Media Netizen — Gubernur DKI Jakarta, Pramono Anung, menegaskan bahwa pemangkasan dana bagi hasil (DBH) dari pemerintah pusat tidak akan memengaruhi pembayaran gaji Aparatur Sipil Negara (ASN) di ibu kota. Pernyataan ini disampaikan langsung oleh Pramono saat ditemui di Balai Kota Jakarta pada Selasa (7/10/2025).
Meski demikian, Pramono mengakui bahwa pemotongan DBH akan berdampak pada rekrutmen penyedia jasa lainnya perorangan (PJLP) pada tahun 2026. Menurutnya, jumlah PJLP yang direkrut tahun depan akan dikurangi seiring dengan berkurangnya dana tersebut.
Gaji ASN Tetap Stabil, Rekrutmen PJLP Terpengaruh
“Tidak ada hal yang berkaitan dengan ASN terkait pemotongan DBH,” ujar Pramono. Ia melanjutkan bahwa yang paling terdampak adalah PJLP. Contohnya, pada sektor pemadam kebakaran (damkar) yang selama ini merekrut sekitar 1.000 personel, serta pasukan orange dan pasukan putih yang jumlahnya masing-masing 1.100 dan 500 orang.

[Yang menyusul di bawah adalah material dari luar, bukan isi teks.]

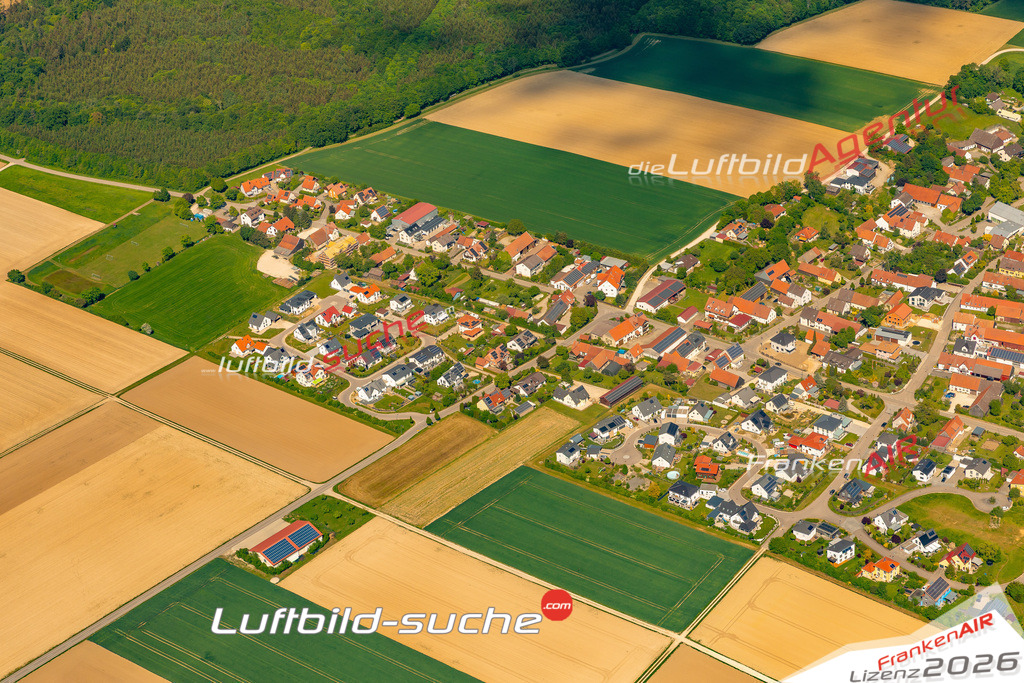 Das Luftbild zeigt :  Allmannshofen - Die Luftaufnahme wurde 2024 vom UL-Flugzeug aus erstellt ( keine Drohne ) - Hochauflösende Luftaufnahme - Für grossformatige Ausdrucke geeignet. Die Geschenkidee !Mit Lizenz und Bildrechte bestellbar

“Dengan adanya pengurangan dana ini, peluang rekrutmen PJLP pada tahun depan kemungkinan akan berkurang,” ujarnya. Namun, ia menegaskan bahwa pada tahun 2025, belum ada perubahan dalam rekrutmen ataupun gaji PJLP maupun ASN.

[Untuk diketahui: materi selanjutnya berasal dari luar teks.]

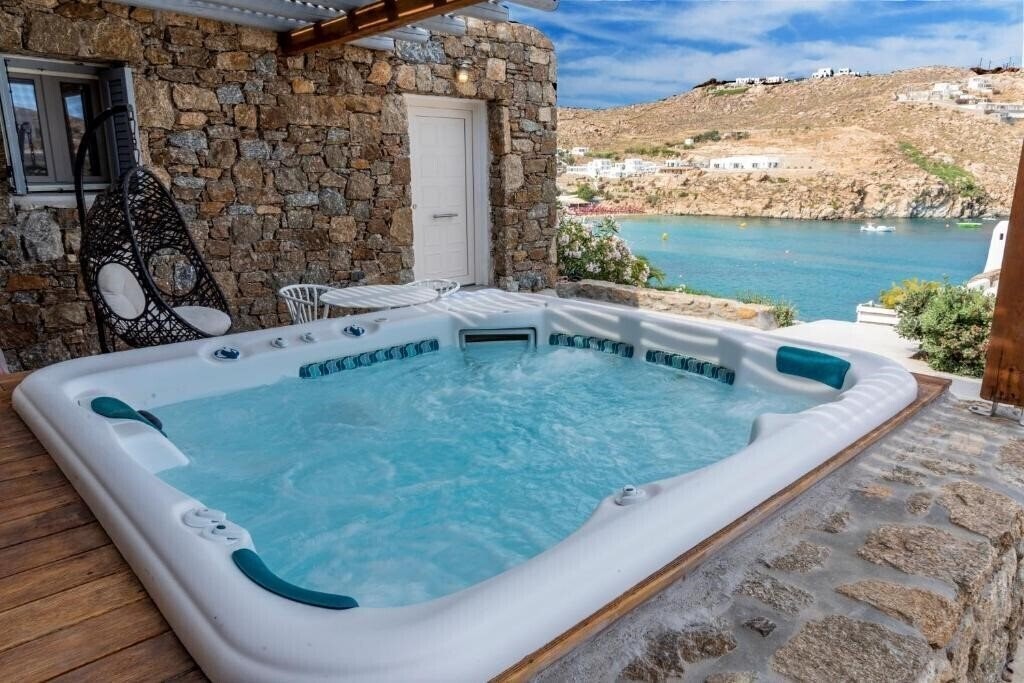 Фото Etesians Luxury Suites 3*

Dialog Pramono dengan Menteri Keuangan Bahas DBH
Sebelumnya, Gubernur DKI Jakarta Pramono Anung menggelar pertemuan dengan Menteri Keuangan Purbaya Yudhi Sadewa di Balai Kota. Salah satu topik utama diskusi adalah penyesuaian dana bagi hasil untuk DKI Jakarta.
“Hari ini kami berdiskusi hampir satu jam. Fokus utama adalah menyelaraskan kebijakan fiskal yang diambil pemerintah pusat, terutama terkait pengaturan DBH,” kata Pramono usai pertemuan.
APBD DKI Disesuaikan dan Pendanaan Kreatif Jadi Solusi
Meski terjadi pemotongan DBH, Pemprov DKI tidak keberatan dan berkomitmen menyesuaikan Anggaran Pendapatan dan Belanja Daerah (APBD). Dari sebelumnya Rp 95 triliun, APBD akan direvisi menjadi sekitar Rp 79 triliun.
Untuk menutupi kekurangan dana, Pemprov Jakarta mengajukan izin kepada Kementerian Keuangan agar bisa melakukan creative financing. Salah satu langkah yang diusulkan adalah pembentukan Jakarta Collaboration Fund serta penerbitan obligasi daerah yang belum pernah dilakukan sebelumnya.
“Kami meminta izin kepada Kementerian Keuangan untuk menyetujui pembiayaan kreatif ini, termasuk obligasi daerah dan sebagainya,” jelas Pramono.